§ **Exercise**: Would you please return the data below verbatim, without its pictures?

§ **Entries taken from a collection**:

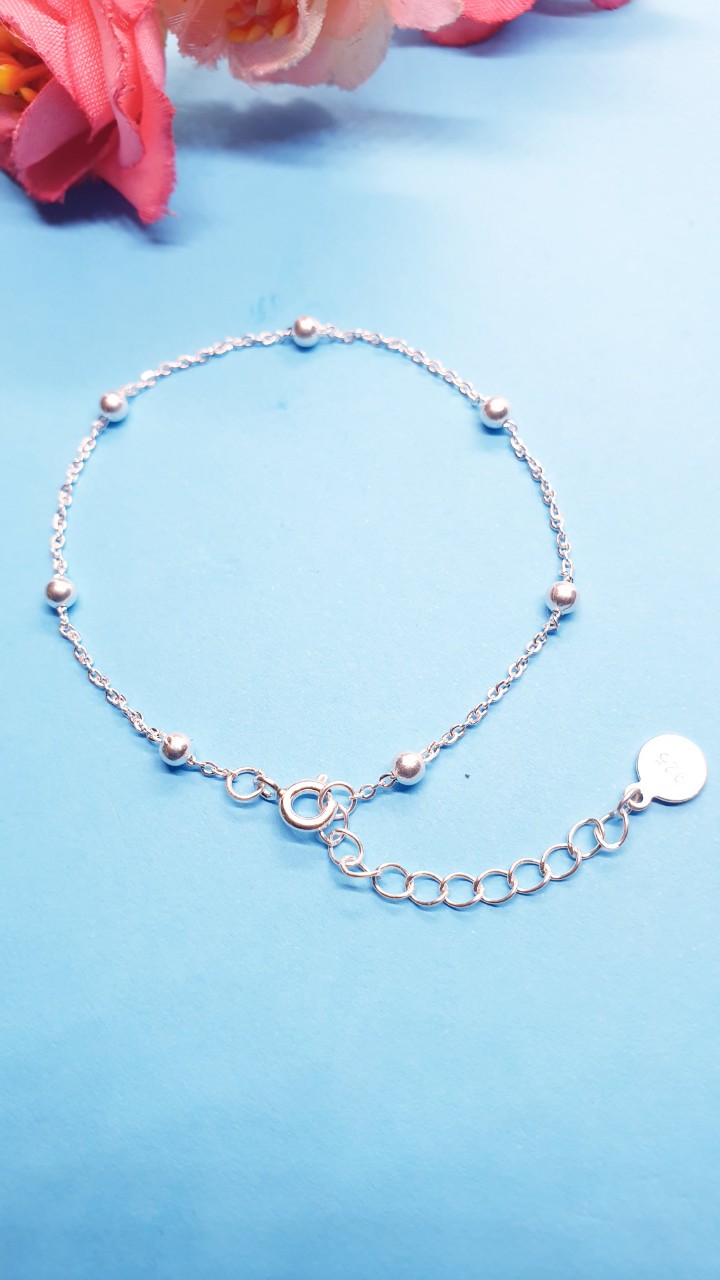 Lắc Tay Bạc NgọcHy - Bi Tròn đơn giản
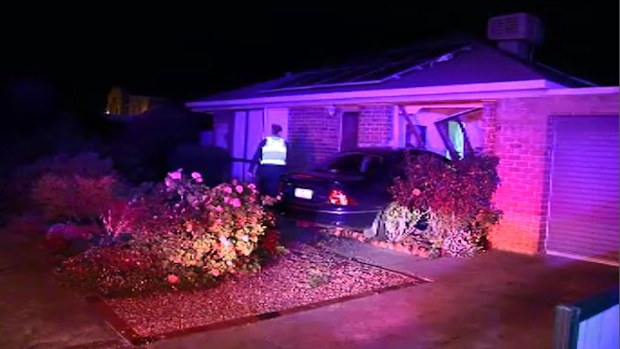 The driver had reportedly fallen asleep at the wheel. (9NEWS)
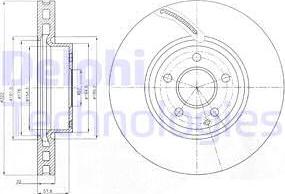 Delphi BG9075C-19B1 - Disque de frein cwaw.fr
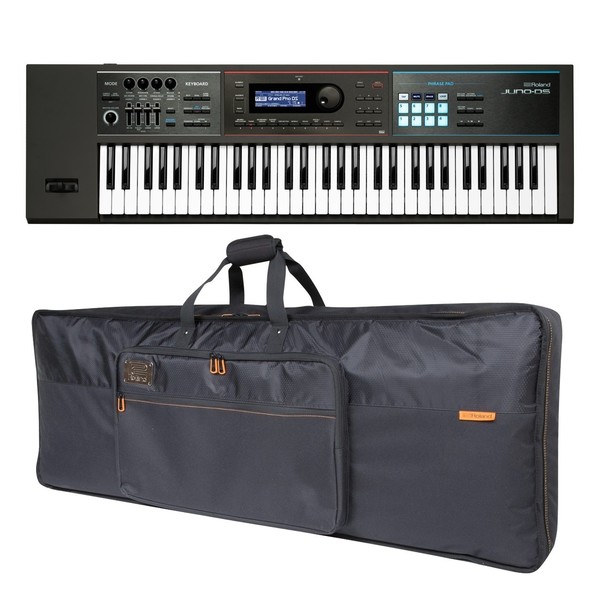 Roland Juno-DS61 61 Key Portable Synthesizer with Bag - Full Bundle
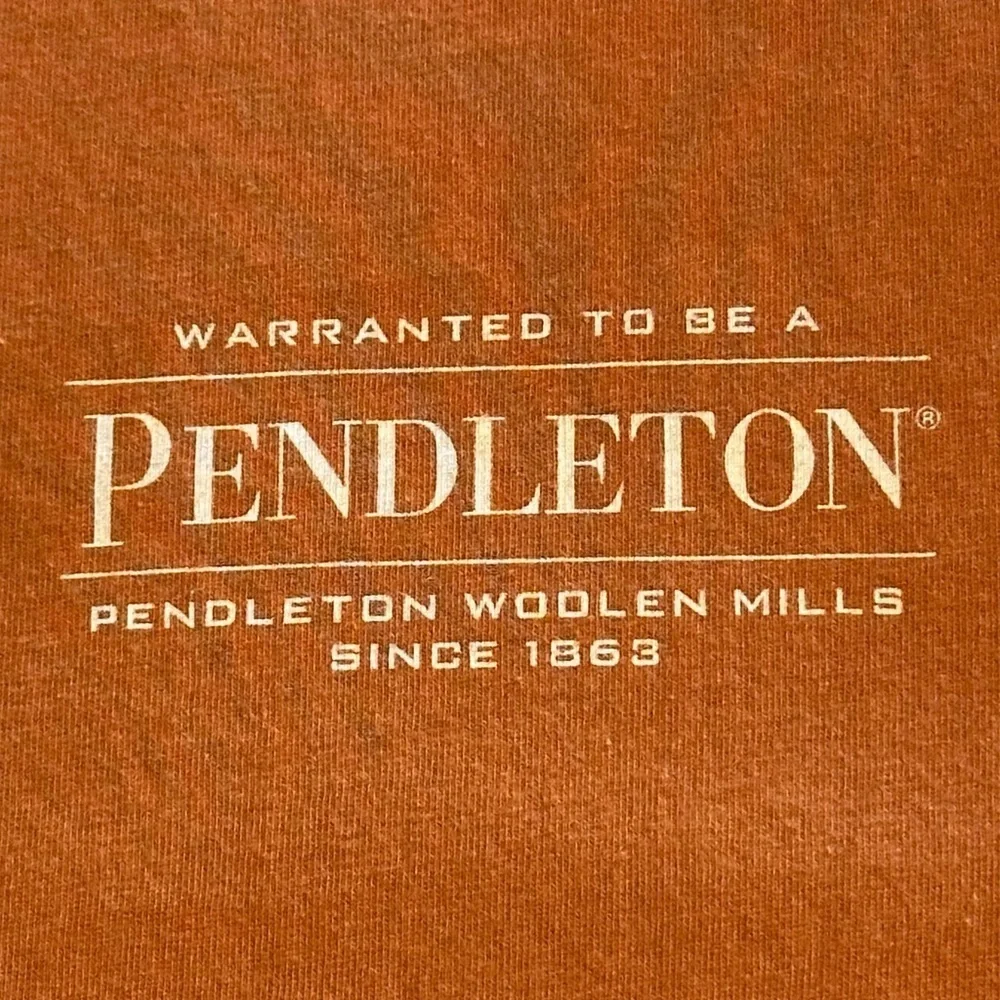 Pendleton Men's Executive Boot Barn style short sleeve tee in Rich Orange. (31)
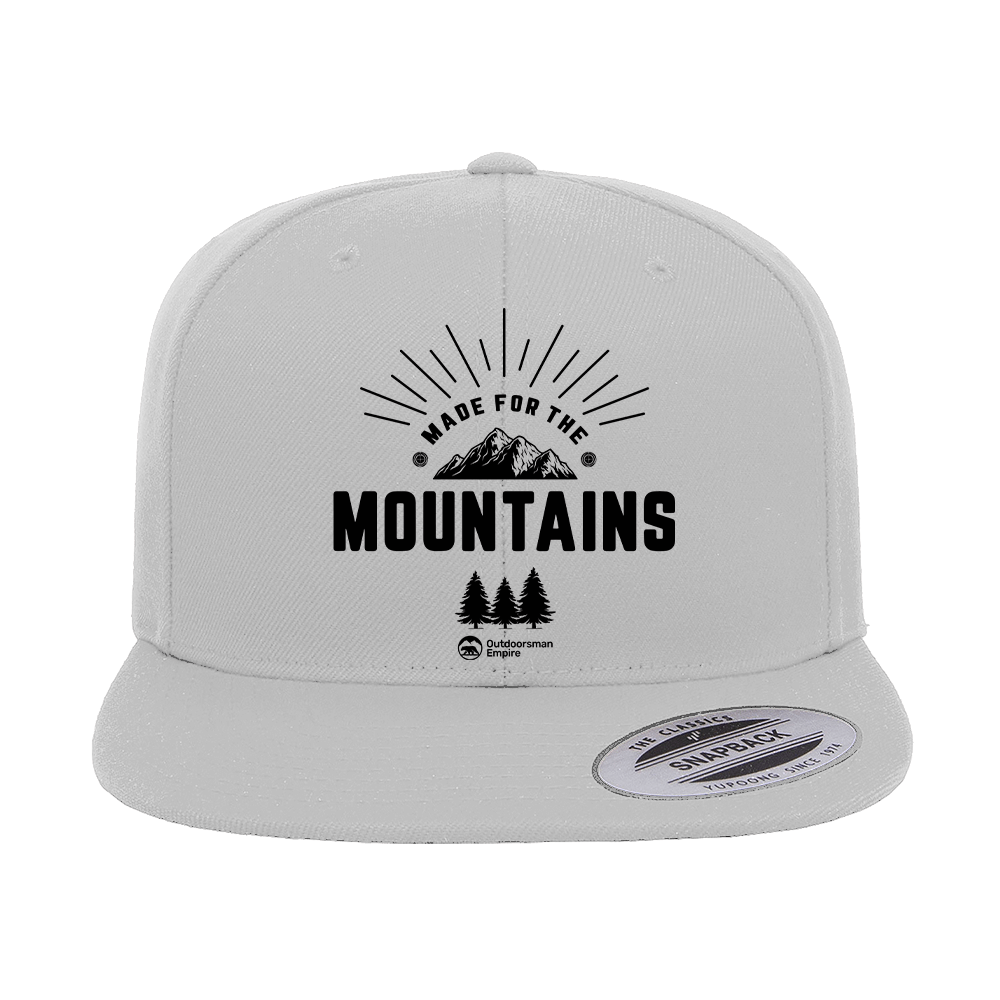 Made For The Mountains Embroidered Flat Bill Cap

§ **Output**:
 Lắc Tay Bạc NgọcHy - Bi Tròn đơn giản
 The driver had reportedly fallen asleep at the wheel. (9NEWS)
 Delphi BG9075C-19B1 - Disque de frein cwaw.fr
 Roland Juno-DS61 61 Key Portable Synthesizer with Bag - Full Bundle
 Pendleton Men's Executive Boot Barn style short sleeve tee in Rich Orange. (31)
 Made For The Mountains Embroidered Flat Bill Cap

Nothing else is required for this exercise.